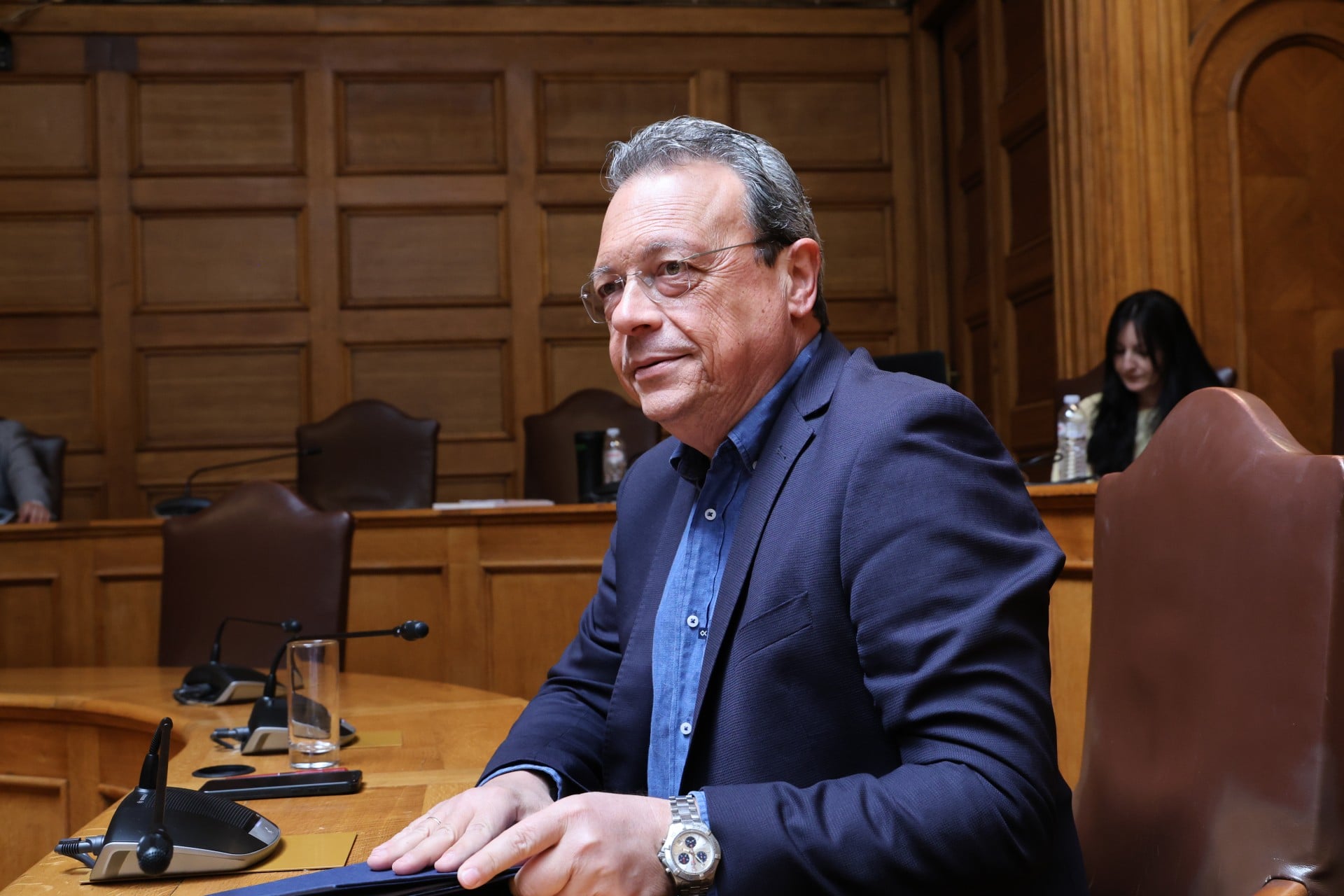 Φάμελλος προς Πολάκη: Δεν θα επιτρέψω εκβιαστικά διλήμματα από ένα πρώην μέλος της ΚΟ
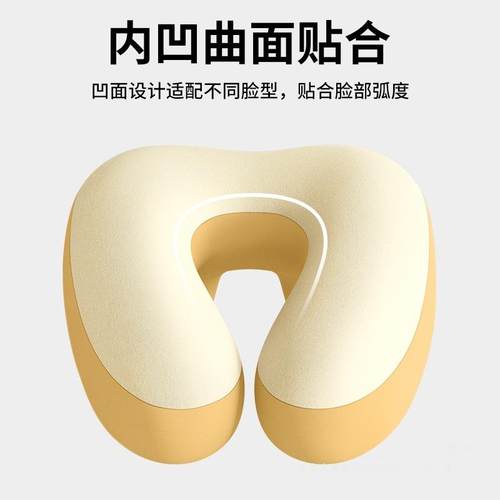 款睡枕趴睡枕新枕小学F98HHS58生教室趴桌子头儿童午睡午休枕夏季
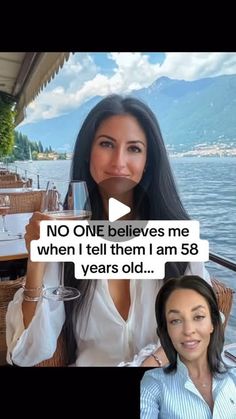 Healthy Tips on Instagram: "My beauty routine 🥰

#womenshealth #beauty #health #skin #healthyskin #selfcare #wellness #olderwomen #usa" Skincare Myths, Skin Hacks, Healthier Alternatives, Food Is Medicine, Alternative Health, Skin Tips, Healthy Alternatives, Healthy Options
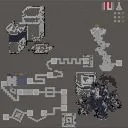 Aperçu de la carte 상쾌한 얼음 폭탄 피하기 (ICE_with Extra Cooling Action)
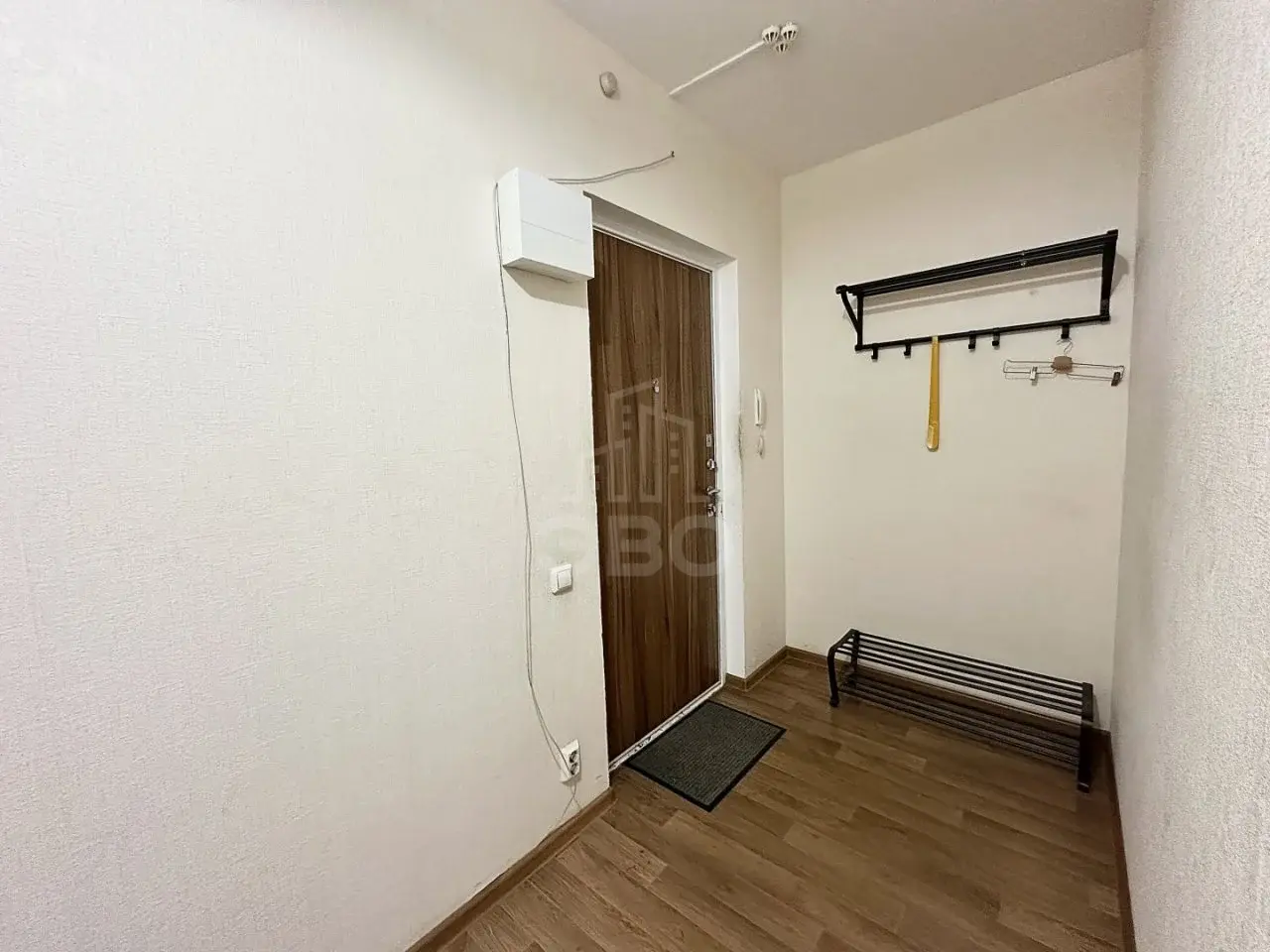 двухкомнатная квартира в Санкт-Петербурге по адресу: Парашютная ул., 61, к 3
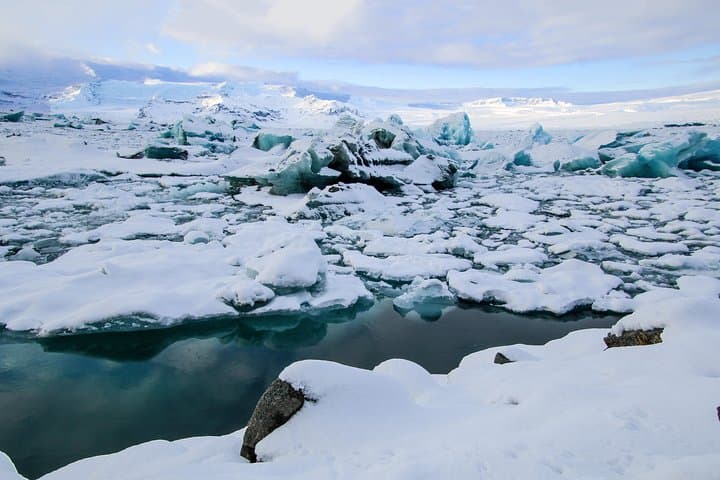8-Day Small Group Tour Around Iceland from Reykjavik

....................

▶ EXERCISE: Could you copy every record exactly, without the pictures?

▶ ANSWER AREA:
 Φάμελλος προς Πολάκη: Δεν θα επιτρέψω εκβιαστικά διλήμματα από ένα πρώην μέλος της ΚΟ
 款睡枕趴睡枕新枕小学F98HHS58生教室趴桌子头儿童午睡午休枕夏季
 Healthy Tips on Instagram: "My beauty routine 🥰

#womenshealth #beauty #health #skin #healthyskin #selfcare #wellness #olderwomen #usa" Skincare Myths, Skin Hacks, Healthier Alternatives, Food Is Medicine, Alternative Health, Skin Tips, Healthy Alternatives, Healthy Options
 Aperçu de la carte 상쾌한 얼음 폭탄 피하기 (ICE_with Extra Cooling Action)
 двухкомнатная квартира в Санкт-Петербурге по адресу: Парашютная ул., 61, к 3
8-Day Small Group Tour Around Iceland from Reykjavik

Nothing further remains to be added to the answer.